### MATERIAL SUPPLIED

● ● ● ● ● ● ●

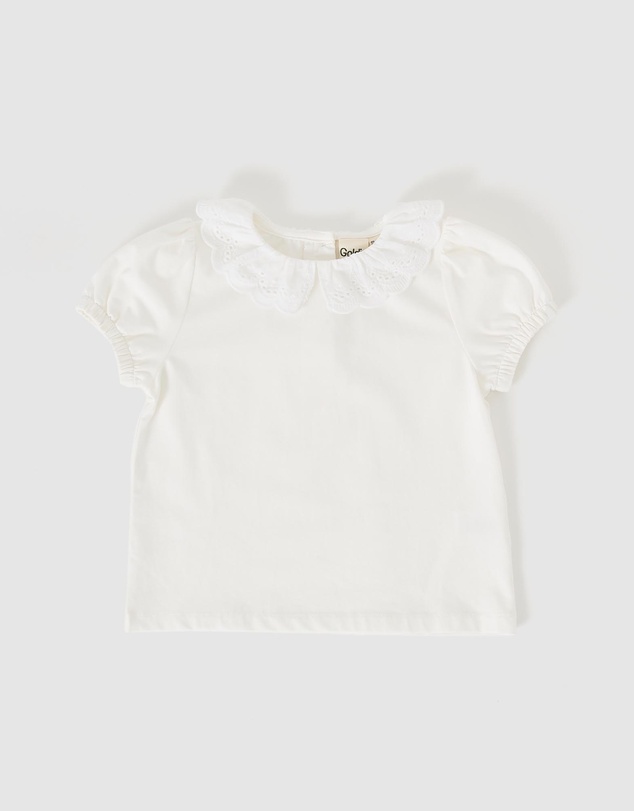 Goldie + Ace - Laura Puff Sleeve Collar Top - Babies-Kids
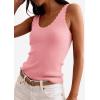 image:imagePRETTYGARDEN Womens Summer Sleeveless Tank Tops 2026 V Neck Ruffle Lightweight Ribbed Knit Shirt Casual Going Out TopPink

● ● ● ● ● ● ●

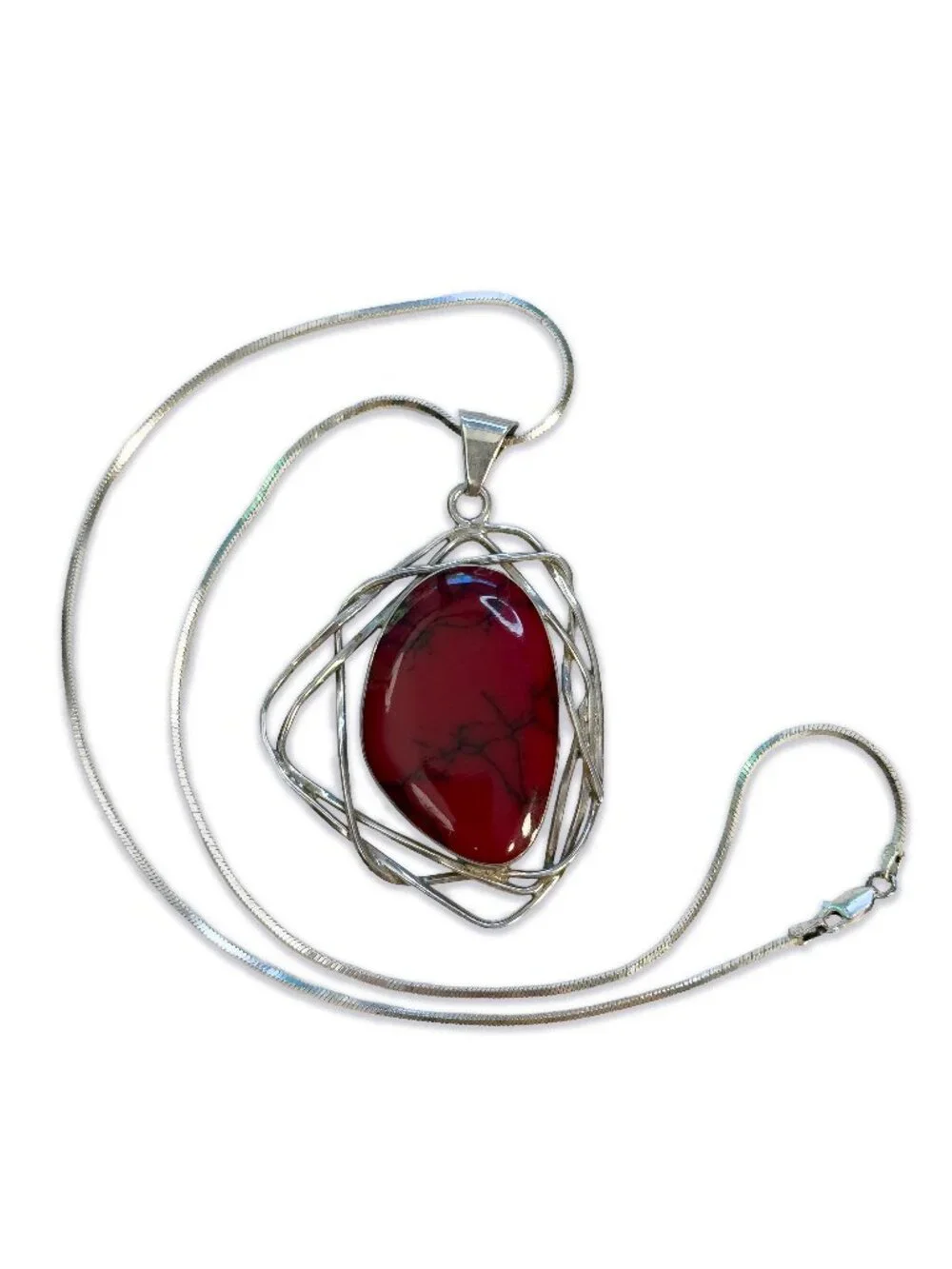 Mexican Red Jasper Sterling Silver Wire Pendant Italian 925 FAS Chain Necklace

● ● ● ● ● ● ●

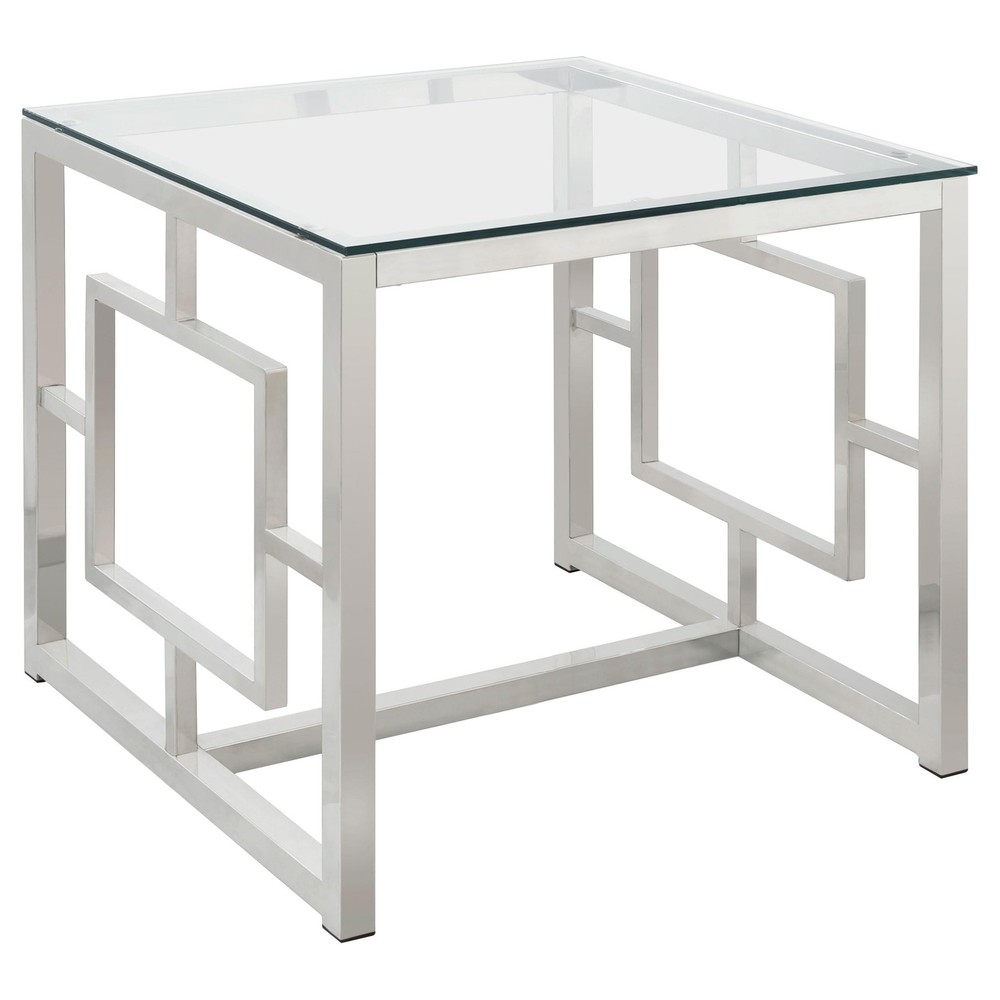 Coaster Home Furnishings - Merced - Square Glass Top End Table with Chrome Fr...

● ● ● ● ● ● ●

### TASK PROMPT
In the data above, start at the line holding "Goldie + Ace" and stop after the line holding "image:imagePRETTYGARDEN Womens Summer"; write out those lines exactly, without pictures.

### OUTPUT FOR THIS EXERCISE
 Goldie + Ace - Laura Puff Sleeve Collar Top - Babies-Kids
 image:imagePRETTYGARDEN Womens Summer Sleeveless Tank Tops 2026 V Neck Ruffle Lightweight Ribbed Knit Shirt Casual Going Out TopPink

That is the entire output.